🤖 AI Summary
This work addresses the challenge of robotic manipulation in open-world tabletop settings, which demands integrated semantic understanding, accurate 6D pose estimation, and high-frequency action generation. Existing end-to-end vision-language-action models often lack explicit geometric constraints and incur prohibitive training costs. To overcome these limitations, the authors propose a Spatial Persistent Memory framework that leverages semantic-conditioned 3D perception and Kalman filtering for robust pose tracking. The method extracts transferable key-pose memories from human demonstrations, retrieves them based on language instructions, and applies SE(3) transformations. High-frequency actions are generated via a lightweight flow-matching model, while proprioceptive feedback and end-effector residual correction enable closed-loop control. Evaluated on ten LIBERO-GOAL tasks, the approach achieves an 85.6% success rate with an effective control frequency of 1033.3 Hz, demonstrating strong environmental transferability, real-time performance, and low computational overhead.
📝 Abstract
Open-environment tabletop robotic manipulation requires systems to possess semantic understanding, precise geometric pose estimation, and high-frequency action generation.
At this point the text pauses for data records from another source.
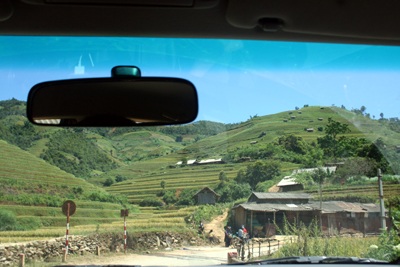 4/6 trẻ mồ côi phải vào làng SOS sau vụ lở núi - 1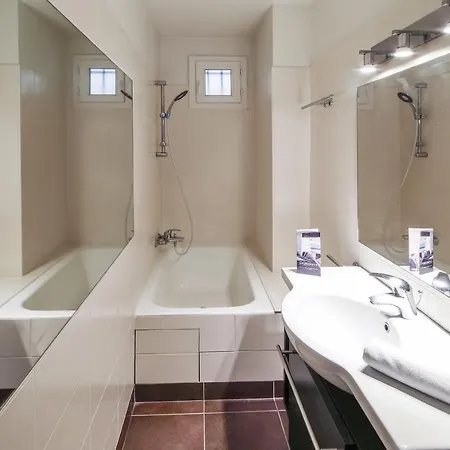 Apartment De La Tour - Welkeys Paris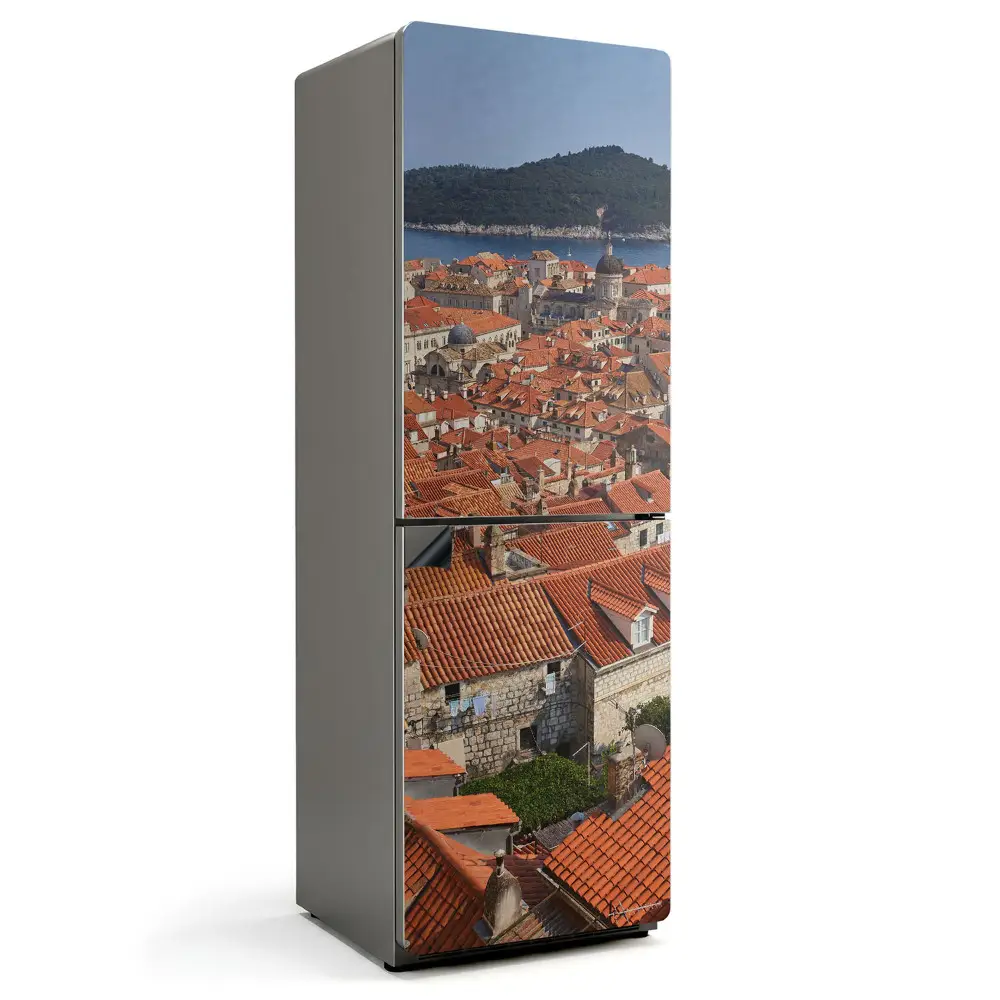 Magnet na ledničku Přímořské město ve střechách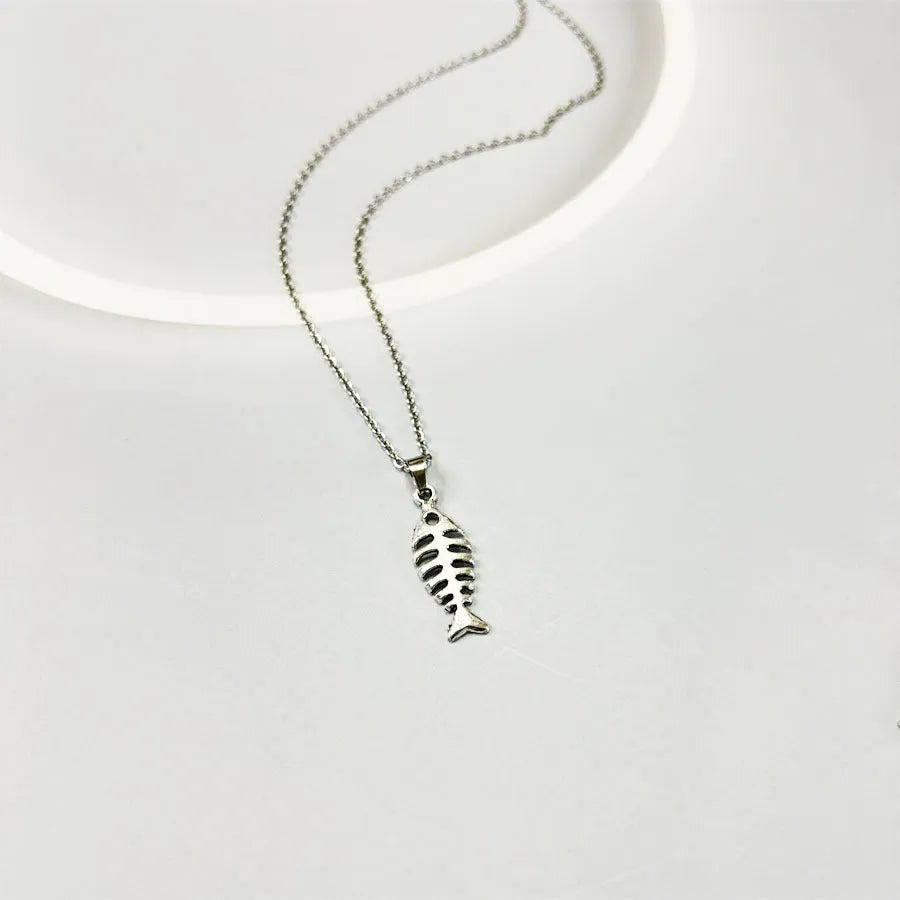 Fishbone pendant necklace with adjustable chain and matching earrings in retro style, showing O-shaped chain design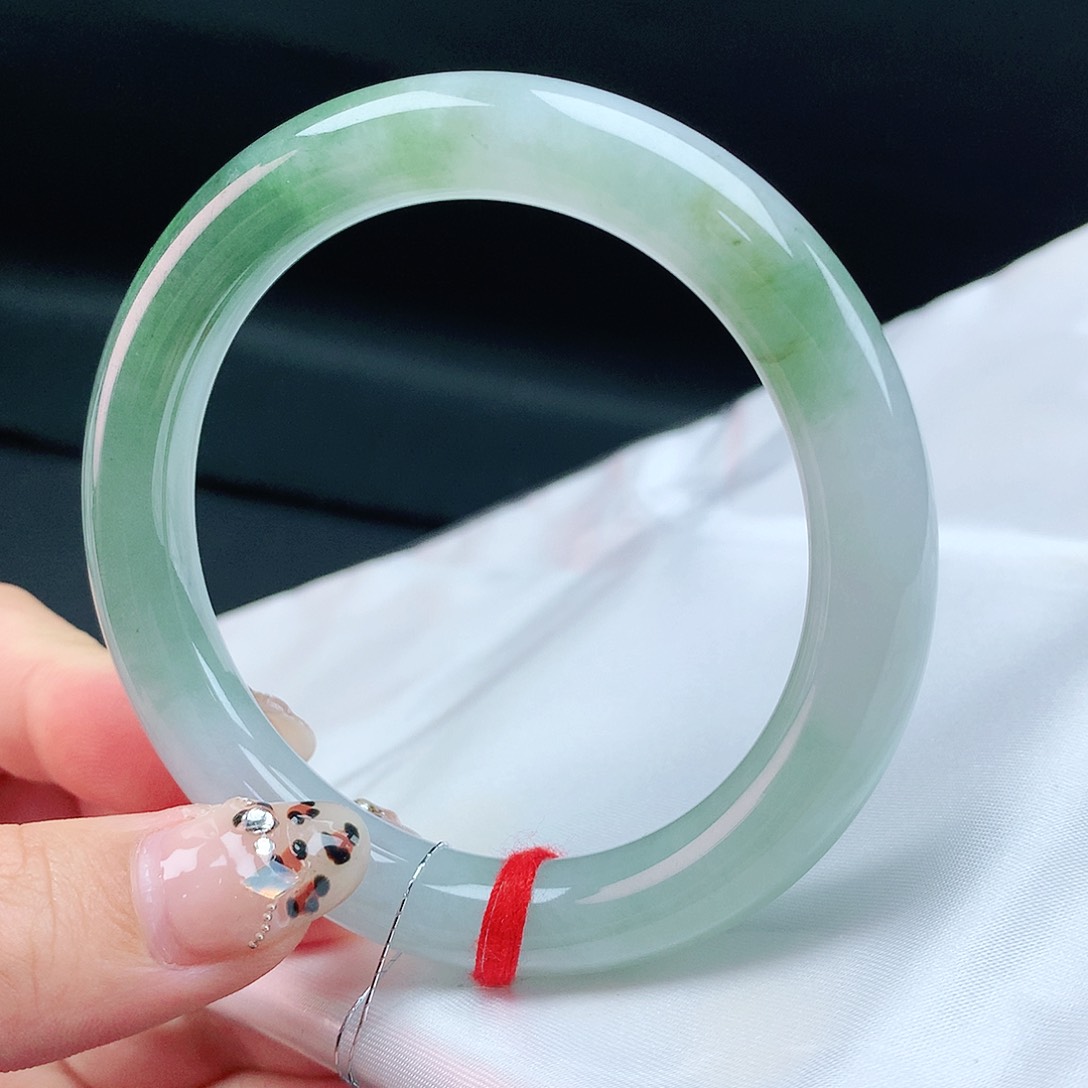 翡翠手镯未镶嵌54圈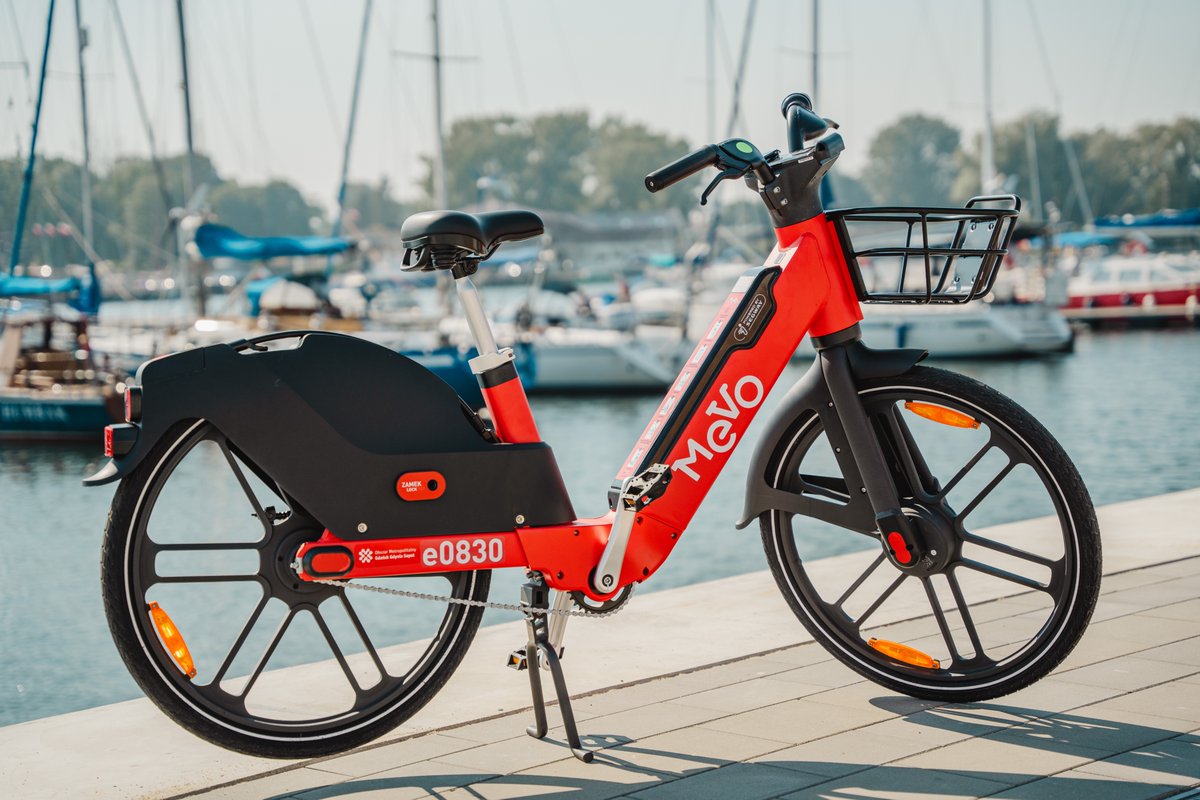 metropoliagdn's tweet image. 9 sierpnia padł rekord #MEVO! 18 206 przejazdów i 106 tys. km - to jakby okrążyć Ziemię ponad 2 razy! Zbliża się długi weekend, to dobra okazja do pobicia tego rekordu! 

🚀Pamiętajcie, że na weekend szykują się upały. Dlatego w podróży butelka wody to obowiązek. Uczą tego nawet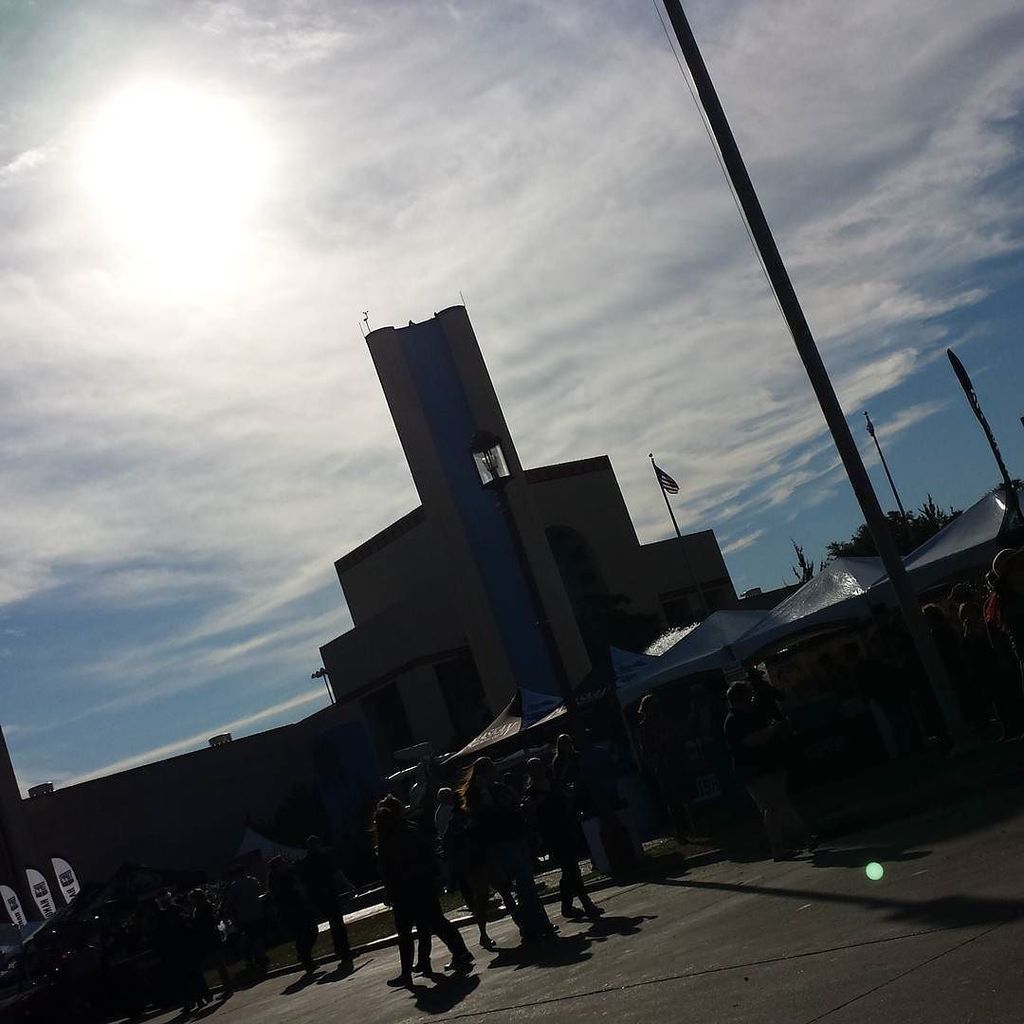 scales18's tweet photo. People watching
Circling the sun w/ @untappedfest
#craftbeer #festlocal #fairpark #nofilt… https://t.co/3gprIVYXPX https://t.co/lfoLipMTwz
While end-to-end vision-language-action (VLA) models excel at semantic generalization, they often lack explicit geometric constraints for fine-grained tasks and require costly training. To bridge the gap between high-level semantics and low-level physical execution, we propose OpenSPM, an open environment spatial persistent memory framework consisting of spatial pose memory and flow-matching action generation model. OpenSPM first leverages semantically conditioned 3D perception and Kalman filtering to track continuous 6D poses. It then extracts key spatial poses from human demonstrations, keeping them as transferable, object-centric spatial persistent memory entries. During inference, OpenSPM retrieves relevant memory entries in terms of natural language instructions, transfers the spatial poses to new scenes using SE(3) transformations, and generates high-frequency action chunks via a lightweight conditional flow-matching model. Combined with real-time proprioceptive state feedback and terminal residual correction, the system effectively suppresses trajectory error accumulation. Evaluated on ten LIBERO-GOAL tasks, OpenSPM achieves an 85.6% success rate and an equivalent control frequency of 1033.3 Hz, while requiring minimal inference AI computing power. Extensive ablations illustrate that structured spatial persistent memory and closed-loop residual correction play a crucial role in reliable, high-frequency robotic manipulation.